Desde un punto de vista mágico puede verse como un diamante en bruto, como un ser poderoso por descubrir.
Desde un punto de vista religioso, el hombre puede ser un ángel en potencia, un demonio en ciernes, un simple y mortal juguete de los dioses, un pecador más, o un ser involucionado que está en camino de obtener sus alas.
Pero, desde un punto de vista materialista, el hombre no es más que un conjunto de vísceras más o menos organizadas que comen y excretan, sin más sentido que seguir la cadena alimentaria de la naturaleza.
Por supuesto, podemos ir un poco más allá y descubrir que, independientemente de la animación de la células, el hombre está principalmente compuesto de moléculas de carbono y agua. Hidrógeno, oxígeno, carbono, hierro, nitrógeno, calcio, elementos naturales al fin y al cabo, átomos de materia común y corriente, sin más.
El hombre no es nada más que eso: unas cuantas moléculas ordenadas sobre un inmenso vacío, organizadas y animadas por ese extraño misterio que denominamos vida.

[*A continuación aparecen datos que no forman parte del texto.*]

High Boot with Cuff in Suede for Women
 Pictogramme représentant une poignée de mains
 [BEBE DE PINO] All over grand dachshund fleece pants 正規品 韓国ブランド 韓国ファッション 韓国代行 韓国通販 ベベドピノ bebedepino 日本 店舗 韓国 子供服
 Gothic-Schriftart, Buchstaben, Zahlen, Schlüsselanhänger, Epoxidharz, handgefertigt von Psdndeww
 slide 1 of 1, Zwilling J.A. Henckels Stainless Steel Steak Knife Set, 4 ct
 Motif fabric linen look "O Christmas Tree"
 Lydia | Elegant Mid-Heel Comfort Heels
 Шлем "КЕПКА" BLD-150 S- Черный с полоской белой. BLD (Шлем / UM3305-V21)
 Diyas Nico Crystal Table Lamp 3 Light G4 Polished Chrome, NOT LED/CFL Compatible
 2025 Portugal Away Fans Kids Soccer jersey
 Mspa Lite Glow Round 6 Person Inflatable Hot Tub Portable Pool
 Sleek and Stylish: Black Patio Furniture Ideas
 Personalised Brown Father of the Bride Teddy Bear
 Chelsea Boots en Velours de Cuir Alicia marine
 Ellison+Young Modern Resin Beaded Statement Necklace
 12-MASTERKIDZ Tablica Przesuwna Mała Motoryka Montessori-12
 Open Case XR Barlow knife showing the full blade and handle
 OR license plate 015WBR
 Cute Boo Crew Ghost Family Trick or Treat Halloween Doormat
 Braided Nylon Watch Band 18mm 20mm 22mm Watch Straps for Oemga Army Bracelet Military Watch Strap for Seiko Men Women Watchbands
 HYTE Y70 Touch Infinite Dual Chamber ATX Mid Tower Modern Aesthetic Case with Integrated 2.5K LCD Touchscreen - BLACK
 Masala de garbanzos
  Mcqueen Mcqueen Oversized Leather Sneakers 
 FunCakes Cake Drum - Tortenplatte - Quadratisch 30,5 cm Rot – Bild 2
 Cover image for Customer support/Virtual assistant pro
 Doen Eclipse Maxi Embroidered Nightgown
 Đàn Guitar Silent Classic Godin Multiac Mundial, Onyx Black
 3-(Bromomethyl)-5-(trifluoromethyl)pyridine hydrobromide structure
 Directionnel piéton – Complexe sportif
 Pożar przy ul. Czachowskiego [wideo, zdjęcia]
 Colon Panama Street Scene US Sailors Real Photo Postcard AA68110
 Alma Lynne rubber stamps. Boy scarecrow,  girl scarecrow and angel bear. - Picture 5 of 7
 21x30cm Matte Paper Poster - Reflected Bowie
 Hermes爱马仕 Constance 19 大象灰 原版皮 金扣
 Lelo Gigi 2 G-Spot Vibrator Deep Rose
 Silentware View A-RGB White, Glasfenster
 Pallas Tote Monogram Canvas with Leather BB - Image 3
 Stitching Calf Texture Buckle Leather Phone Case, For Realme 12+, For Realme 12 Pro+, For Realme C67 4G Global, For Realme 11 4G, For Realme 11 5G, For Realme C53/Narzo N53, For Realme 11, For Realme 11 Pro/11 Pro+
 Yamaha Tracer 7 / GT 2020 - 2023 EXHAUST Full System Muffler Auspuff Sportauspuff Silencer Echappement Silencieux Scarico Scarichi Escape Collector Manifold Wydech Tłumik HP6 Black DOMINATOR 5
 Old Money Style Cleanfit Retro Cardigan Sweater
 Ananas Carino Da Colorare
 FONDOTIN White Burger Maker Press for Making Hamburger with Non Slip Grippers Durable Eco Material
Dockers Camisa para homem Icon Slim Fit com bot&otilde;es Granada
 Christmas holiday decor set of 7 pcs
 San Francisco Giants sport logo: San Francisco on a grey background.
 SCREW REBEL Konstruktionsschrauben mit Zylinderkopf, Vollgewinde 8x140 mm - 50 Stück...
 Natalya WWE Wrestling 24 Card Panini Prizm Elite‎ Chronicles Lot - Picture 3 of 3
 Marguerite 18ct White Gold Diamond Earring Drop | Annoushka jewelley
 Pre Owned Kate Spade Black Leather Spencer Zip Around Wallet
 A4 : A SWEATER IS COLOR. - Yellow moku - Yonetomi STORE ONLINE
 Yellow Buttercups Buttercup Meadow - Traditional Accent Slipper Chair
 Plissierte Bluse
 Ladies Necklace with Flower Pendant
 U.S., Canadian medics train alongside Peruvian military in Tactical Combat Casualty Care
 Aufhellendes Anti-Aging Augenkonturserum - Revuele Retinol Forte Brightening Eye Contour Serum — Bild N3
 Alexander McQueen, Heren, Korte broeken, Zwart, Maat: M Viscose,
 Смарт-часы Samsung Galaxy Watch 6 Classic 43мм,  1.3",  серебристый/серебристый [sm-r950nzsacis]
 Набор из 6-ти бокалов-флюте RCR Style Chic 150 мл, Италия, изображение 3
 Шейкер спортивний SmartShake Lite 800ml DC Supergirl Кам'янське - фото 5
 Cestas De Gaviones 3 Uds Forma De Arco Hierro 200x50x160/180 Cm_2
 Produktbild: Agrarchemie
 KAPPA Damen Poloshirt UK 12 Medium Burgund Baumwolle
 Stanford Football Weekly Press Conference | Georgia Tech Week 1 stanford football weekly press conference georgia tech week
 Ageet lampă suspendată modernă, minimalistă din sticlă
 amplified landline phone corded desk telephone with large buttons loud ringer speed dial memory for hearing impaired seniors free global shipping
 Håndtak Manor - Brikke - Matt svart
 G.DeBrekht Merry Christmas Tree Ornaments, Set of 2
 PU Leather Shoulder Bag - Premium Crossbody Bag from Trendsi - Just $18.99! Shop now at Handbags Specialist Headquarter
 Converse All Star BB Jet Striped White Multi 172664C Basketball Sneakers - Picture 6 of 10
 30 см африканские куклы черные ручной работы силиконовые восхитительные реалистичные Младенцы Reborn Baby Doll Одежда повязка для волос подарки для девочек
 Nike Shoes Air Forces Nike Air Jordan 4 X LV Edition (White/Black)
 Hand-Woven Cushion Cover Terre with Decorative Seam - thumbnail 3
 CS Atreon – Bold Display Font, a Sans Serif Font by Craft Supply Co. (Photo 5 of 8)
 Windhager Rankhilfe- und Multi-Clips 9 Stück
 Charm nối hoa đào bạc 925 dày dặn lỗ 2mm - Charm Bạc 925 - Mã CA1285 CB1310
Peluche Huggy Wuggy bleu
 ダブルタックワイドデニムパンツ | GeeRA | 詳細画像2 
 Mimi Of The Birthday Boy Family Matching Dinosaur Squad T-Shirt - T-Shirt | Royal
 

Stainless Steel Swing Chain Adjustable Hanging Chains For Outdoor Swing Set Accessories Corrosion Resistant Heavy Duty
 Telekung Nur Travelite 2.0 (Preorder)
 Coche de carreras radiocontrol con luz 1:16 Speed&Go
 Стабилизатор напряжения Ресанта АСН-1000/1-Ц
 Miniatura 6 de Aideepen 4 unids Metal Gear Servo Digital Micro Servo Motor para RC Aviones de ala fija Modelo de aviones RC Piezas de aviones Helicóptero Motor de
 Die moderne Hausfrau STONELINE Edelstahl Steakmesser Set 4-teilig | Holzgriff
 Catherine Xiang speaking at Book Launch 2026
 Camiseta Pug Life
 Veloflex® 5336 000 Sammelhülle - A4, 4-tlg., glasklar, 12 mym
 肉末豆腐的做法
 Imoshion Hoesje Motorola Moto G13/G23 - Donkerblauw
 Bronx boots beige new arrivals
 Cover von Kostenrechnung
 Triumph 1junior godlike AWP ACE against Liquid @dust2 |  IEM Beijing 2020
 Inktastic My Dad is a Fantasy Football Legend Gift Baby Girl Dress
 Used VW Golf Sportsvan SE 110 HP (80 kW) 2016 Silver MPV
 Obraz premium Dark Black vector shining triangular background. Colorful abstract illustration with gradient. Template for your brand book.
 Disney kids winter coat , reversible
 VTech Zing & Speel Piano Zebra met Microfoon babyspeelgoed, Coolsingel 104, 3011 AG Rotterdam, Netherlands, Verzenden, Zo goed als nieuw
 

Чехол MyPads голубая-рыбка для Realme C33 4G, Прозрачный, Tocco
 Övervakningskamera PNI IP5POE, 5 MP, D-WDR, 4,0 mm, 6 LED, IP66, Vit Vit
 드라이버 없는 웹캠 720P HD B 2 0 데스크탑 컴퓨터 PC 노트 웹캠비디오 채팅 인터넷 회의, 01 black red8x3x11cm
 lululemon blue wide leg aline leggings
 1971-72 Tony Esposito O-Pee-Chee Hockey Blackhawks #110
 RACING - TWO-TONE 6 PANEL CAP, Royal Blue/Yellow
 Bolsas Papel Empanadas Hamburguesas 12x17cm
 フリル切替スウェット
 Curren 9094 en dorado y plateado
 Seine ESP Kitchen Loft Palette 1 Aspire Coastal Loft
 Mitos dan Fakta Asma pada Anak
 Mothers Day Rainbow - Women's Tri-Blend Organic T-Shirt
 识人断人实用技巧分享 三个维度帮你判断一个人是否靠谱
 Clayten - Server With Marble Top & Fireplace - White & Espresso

El elemento más pequeño de su constitución es el hidrógeno, con un solo electrón dando vuelta alrededor del núcleo. No hay ningún elemento conocido más simple dentro de la naturaleza.
El hidrógeno, por tanto, parece ser el origen de la creación, y, consecuentemente, del hombre. Está formado de un electrón y un núcleo, en el núcleo hay un protón y un neutrón. Hasta hace pocos años se creía que no había nada más pequeño y que no se podía encontrar nada más allá en este sentido, pero poco a poco se han ido descubriendo fragmentos más pequeños del átomo, como los positrones y los neutrinos, hasta llegar a los quarks, y es muy posible que a medida que la técnica avance se vayan descubriendo fragmentos elementales más y más pequeños, hasta llegar prácticamente a la nada.
Bien, el conocimiento humano no llega más allá, y por eso, detrás del neutrino más pequeño nos queda la pregunta de siempre: ¿qué hay antes del neutrino? ¿quién creó el neutrino? ¿de dónde salió el neutrino? Algunos responden, de una o de otra manera, que detrás de todo esto está, o debe de estar, la fuerza mística y vital que mueve todo el universo, y que muchos denominan Dios.
No hablo del Dios personal ni del Dios patriarcal al que se refieren tan a menudo las religiones; no, en este momento me estoy refiriendo al eterno inconmovible, a la fuerza inconcebible, al sin nombre, sin forma ni personalidad, al que es todo luz y todo esencia, al Dios que no podemos entender ni acceder por mucho que lo intentemos; ese que está más allá de toda creencia y de toda vida, de todo conocimiento y de toda sabiduría, al que no se le reza ni se le pide, al que no se le teme ni se le rinde pleitesía, al que forma parte del todo y de la nada, al que sustenta a los dioses que creemos conocer, y que ni los mismos dioses conocen ni entienden.
Desde este hipotético punto de vista, entre el Cielo y la Tierra hay miles de millones de mundos paralelos, miles de millones de distintas dimensiones ocupando exactamente el mismo punto, en el mismo tiempo y en el mismo espacio, compartiendo la misma eternidad, por increíble que parezca.
No se trata de inventar lenguajes, como Carlos Castañeda, para redescubrir los viajes astrales dentro de la «segunda atención», se trata simplemente de las posibilidades esotéricas y físicas que componen nuestro amplio y complejo universo.
Las ciencias, a pesar de su aparente acartonamiento, no hacen otra cosa que buscar las mismas respuestas que las religiones han perseguido siempre: descubrir el misterio de la vida y de la naturaleza.